Comparison Tests are about statements like these:
- "90% like Brand A better than Brand X."
- "For the treatment of vegetative myopathy, Simglobulon significantly outperformed placebos in the FDA approval trials."
- "I can't tell the difference between properly frozen and fresh roasted coffee when used for espresso"
In each of these statements, two things are being compared, and an assertion is being made about their differences or lack of it. How are such statements tested?
The basics are really easy, and frequently misunderstood. Suppose you are comparing A & B:
- If A beats B every single time, the pattern becomes obvious in 3 to 4 trials, and pretty much incontrovertible after 7 to 10 trials.
- But suppose A beats B only 11 times out of 20. Then the pattern only becomes obvious in 100 to 200 trials, and requires around 500 to a 1000 to become pretty much incontrovertible.
"Pretty much incontrovertible," "saying for certain," "beyond all reasonable doubt," ... statisticians have a phrase that means the same thing ... "a statistically significant result." This does not mean the difference between A & B is big, it means enough trials have been run to say the difference, whatever it may be, exists beyond reasonable doubt.
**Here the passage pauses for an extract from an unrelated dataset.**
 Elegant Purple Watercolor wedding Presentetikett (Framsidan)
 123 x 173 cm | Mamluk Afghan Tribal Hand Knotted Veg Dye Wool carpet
Statisticians put a number on this significance, typically 5%, 1%, and 0.1%. This means that their statement of asserted differences will be true 95 time out of 100, 99 times out of 100, or 999 time out of 1000.
So how many trial does it take to establish a significant difference? That depends how much better A is than B. Here's a handy table:
----------------------------------------------------------------
Frequency of A Beats B Trials needed for 5% for 1% for 0.1%
----------------------------------------------------------------
100% 5 7 10
90% 8 11 14
80% 11 19 27
70% 21 37 65
60% 80 145 245
55% 300 560 980
51% 7,000 14,000 24,000
-----------------------------------------------------------------
So the next time you hear about a drug trial that used a cast of thousands; ask whether the drug company was being really thorough, or whether the test needed that many people since the drug's potency isn't all that different from a placebo's.
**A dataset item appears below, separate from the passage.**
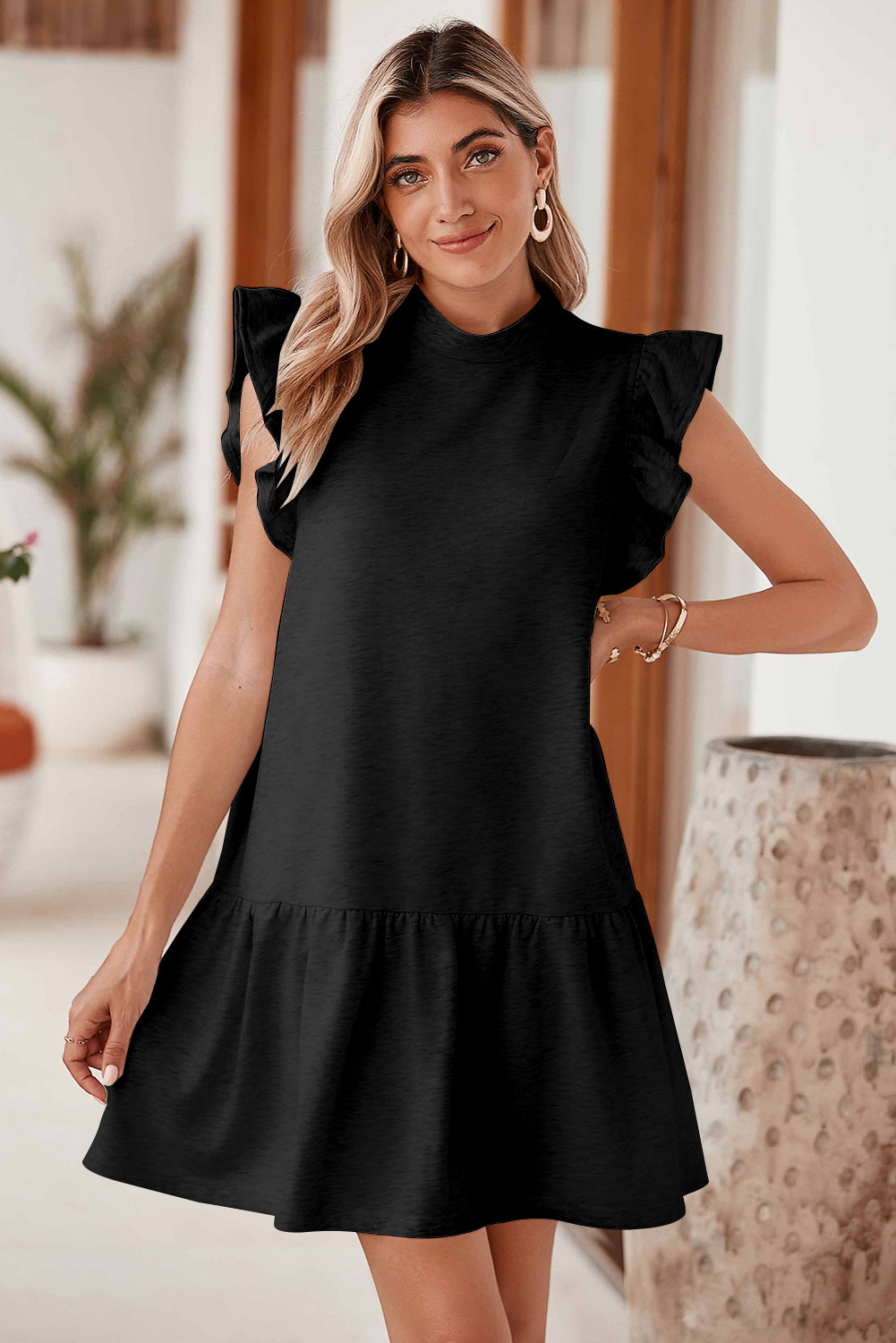 Black Solid Color Ruffle Hem Mini Sweatshirt Dress - Eloy Royal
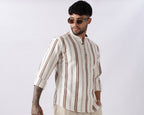Off White Dobby Stripe Short Kurta Uri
As far as coffee tests are concerned, my guess is that people are hardly interested in making a change if it turns out not to beat their current set up at least 6/10 times. Unfortunately, even that requires more trials (75 to 200) than any of us amateur testers can easily handle. So, if we discover no difference, it's somewhere from 30/70 to 70/30, and if we do discover a difference, it's because its more extreme than that.
I hope this has been educational; and now back to our regular programming.